SOURCE INFORMATION:
----
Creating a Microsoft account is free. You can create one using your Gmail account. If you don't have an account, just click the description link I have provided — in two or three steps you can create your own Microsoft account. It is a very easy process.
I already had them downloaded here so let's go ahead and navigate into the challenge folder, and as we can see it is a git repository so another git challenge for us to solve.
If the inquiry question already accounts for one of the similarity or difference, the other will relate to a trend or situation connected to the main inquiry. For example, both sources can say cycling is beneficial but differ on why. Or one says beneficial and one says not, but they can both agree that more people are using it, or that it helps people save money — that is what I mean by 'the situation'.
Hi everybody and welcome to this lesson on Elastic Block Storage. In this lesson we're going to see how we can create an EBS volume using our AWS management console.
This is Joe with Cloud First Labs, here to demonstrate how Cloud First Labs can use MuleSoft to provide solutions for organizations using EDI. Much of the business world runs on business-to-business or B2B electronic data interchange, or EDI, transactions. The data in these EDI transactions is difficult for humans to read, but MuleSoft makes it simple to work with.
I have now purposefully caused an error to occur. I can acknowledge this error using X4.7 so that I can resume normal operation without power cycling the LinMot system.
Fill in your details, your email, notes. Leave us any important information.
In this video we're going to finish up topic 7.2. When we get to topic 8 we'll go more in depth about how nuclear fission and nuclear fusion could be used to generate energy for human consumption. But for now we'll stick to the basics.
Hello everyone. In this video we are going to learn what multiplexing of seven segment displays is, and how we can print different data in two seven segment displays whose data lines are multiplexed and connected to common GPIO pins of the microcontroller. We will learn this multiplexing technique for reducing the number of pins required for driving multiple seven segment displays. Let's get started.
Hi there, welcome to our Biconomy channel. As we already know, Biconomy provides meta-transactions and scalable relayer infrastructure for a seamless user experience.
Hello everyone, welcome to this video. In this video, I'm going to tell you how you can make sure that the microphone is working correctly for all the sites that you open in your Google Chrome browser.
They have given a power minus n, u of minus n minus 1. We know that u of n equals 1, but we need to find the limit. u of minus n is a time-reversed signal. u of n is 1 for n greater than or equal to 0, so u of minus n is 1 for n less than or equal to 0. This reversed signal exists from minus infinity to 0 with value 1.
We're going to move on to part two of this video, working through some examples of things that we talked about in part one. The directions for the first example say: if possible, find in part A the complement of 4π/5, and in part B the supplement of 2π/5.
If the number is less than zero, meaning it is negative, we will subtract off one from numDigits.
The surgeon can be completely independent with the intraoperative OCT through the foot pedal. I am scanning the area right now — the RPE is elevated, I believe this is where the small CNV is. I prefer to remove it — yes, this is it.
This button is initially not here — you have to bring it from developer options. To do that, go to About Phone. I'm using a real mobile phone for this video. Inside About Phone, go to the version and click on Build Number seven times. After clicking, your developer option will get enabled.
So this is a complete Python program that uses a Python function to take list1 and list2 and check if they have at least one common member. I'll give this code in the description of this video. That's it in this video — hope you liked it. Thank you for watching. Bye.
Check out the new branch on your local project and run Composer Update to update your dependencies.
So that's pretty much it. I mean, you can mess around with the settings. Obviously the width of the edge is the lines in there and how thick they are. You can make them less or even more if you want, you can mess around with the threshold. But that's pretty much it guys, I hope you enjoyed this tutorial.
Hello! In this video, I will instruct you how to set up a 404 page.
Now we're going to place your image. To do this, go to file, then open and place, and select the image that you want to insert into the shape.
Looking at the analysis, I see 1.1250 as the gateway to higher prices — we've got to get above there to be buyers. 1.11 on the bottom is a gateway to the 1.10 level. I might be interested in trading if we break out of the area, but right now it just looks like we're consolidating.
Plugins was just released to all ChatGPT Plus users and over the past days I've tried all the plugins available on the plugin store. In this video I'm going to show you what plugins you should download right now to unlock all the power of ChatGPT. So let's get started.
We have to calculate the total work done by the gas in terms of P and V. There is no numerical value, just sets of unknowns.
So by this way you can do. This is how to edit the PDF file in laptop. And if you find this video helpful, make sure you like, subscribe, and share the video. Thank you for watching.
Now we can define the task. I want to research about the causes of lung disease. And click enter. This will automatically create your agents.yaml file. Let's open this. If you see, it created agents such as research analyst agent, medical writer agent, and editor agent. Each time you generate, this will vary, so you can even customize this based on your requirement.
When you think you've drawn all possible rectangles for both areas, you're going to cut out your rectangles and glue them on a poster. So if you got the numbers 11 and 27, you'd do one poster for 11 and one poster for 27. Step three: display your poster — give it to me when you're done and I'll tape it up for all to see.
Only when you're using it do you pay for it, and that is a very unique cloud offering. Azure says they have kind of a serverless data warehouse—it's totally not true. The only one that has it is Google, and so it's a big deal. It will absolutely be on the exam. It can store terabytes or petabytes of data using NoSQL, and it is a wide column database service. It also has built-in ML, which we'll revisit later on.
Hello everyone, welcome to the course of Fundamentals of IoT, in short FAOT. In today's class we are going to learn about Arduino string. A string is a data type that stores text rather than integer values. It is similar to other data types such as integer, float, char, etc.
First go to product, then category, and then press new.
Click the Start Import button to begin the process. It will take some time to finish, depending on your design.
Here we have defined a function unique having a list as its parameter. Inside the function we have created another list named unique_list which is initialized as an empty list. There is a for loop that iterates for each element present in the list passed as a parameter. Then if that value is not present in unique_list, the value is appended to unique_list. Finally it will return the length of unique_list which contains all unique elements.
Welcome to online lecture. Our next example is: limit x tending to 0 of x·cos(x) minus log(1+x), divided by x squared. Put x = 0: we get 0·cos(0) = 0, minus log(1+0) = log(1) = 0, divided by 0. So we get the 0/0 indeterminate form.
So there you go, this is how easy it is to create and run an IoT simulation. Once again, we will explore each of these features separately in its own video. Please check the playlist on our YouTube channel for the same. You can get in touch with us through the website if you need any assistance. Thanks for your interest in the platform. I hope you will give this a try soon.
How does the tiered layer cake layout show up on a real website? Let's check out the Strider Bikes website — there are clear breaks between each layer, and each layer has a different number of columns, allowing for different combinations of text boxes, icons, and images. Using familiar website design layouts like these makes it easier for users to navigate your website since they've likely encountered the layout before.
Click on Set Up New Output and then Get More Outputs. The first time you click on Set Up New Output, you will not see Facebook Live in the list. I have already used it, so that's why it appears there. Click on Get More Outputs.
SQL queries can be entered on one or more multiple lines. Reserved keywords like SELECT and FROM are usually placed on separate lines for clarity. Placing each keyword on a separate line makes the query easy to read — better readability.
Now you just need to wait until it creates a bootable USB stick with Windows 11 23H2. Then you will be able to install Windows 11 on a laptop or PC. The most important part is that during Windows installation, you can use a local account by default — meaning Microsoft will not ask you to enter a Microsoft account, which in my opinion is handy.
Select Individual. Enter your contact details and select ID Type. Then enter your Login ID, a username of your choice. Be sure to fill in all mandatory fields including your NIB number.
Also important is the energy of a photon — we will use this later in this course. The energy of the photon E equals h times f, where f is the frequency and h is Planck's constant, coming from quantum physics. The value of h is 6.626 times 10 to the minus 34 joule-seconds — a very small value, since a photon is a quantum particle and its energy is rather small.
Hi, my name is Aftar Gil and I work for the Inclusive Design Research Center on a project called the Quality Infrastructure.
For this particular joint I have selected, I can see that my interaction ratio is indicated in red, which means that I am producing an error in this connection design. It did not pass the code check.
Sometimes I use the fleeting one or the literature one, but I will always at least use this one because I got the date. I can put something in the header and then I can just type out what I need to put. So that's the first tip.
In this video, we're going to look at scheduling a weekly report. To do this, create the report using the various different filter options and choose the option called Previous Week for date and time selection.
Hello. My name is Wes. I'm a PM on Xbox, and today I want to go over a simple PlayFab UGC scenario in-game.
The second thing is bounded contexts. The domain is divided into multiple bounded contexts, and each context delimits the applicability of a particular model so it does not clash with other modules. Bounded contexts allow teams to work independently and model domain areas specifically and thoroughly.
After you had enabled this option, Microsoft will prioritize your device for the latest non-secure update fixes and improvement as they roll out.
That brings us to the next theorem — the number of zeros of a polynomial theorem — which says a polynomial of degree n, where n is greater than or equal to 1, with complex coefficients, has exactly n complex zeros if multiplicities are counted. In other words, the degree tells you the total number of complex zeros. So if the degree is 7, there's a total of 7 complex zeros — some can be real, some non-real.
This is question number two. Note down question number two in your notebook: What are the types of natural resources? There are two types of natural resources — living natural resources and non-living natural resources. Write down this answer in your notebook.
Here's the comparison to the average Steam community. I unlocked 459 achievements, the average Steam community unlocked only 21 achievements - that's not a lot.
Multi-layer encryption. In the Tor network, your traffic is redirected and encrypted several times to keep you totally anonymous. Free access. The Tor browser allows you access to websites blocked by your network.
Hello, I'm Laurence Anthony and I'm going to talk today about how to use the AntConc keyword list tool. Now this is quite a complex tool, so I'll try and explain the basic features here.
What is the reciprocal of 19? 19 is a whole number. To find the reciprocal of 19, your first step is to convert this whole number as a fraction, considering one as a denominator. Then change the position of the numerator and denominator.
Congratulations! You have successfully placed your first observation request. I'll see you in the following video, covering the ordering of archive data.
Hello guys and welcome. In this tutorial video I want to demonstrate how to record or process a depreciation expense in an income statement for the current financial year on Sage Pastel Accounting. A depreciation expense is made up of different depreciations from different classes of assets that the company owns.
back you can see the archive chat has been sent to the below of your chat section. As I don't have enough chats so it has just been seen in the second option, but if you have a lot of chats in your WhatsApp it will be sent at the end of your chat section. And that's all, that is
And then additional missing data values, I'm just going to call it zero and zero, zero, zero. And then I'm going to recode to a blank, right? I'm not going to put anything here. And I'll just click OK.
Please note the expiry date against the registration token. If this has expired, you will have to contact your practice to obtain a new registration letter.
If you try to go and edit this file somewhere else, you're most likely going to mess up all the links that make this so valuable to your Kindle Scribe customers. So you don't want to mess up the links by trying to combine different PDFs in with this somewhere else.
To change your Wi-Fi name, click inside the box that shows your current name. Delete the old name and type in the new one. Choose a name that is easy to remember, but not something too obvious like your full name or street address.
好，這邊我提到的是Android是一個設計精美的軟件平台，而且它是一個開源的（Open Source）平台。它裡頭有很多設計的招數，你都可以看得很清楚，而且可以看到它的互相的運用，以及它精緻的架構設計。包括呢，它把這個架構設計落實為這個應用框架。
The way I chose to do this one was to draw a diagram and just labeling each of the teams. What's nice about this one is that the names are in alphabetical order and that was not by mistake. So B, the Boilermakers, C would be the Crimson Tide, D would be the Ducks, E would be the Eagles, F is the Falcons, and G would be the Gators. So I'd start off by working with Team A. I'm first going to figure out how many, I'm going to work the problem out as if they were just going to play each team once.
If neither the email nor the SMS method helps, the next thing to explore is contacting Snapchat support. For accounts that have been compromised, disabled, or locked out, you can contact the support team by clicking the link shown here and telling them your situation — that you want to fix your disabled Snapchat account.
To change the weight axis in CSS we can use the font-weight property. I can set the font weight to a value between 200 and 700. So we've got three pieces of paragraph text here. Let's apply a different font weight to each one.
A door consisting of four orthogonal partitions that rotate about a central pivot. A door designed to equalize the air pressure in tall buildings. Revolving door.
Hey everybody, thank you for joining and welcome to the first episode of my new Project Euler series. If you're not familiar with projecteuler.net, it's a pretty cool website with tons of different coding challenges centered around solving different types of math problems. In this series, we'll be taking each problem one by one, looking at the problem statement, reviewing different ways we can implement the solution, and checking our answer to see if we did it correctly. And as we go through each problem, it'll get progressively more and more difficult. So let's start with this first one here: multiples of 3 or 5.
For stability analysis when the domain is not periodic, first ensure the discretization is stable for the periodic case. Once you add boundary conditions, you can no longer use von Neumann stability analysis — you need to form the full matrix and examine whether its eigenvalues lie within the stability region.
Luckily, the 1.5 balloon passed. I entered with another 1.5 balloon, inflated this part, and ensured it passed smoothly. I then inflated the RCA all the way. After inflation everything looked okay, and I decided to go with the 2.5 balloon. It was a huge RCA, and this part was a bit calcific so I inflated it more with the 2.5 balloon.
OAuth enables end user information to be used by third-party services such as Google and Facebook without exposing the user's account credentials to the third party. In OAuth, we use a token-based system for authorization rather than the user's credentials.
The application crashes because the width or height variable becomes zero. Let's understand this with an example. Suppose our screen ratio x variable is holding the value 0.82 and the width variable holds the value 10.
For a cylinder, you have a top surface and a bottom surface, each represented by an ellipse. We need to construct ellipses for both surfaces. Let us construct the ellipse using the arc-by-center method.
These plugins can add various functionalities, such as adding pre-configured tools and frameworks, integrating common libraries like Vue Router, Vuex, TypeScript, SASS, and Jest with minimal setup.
----
EXERCISE DESCRIPTION:
Retype the records above exactly, from their first line through the line that contains "I already had", and stop there.

EXPECTED ANSWER:
Creating a Microsoft account is free. You can create one using your Gmail account. If you don't have an account, just click the description link I have provided — in two or three steps you can create your own Microsoft account. It is a very easy process.
I already had them downloaded here so let's go ahead and navigate into the challenge folder, and as we can see it is a git repository so another git challenge for us to solve.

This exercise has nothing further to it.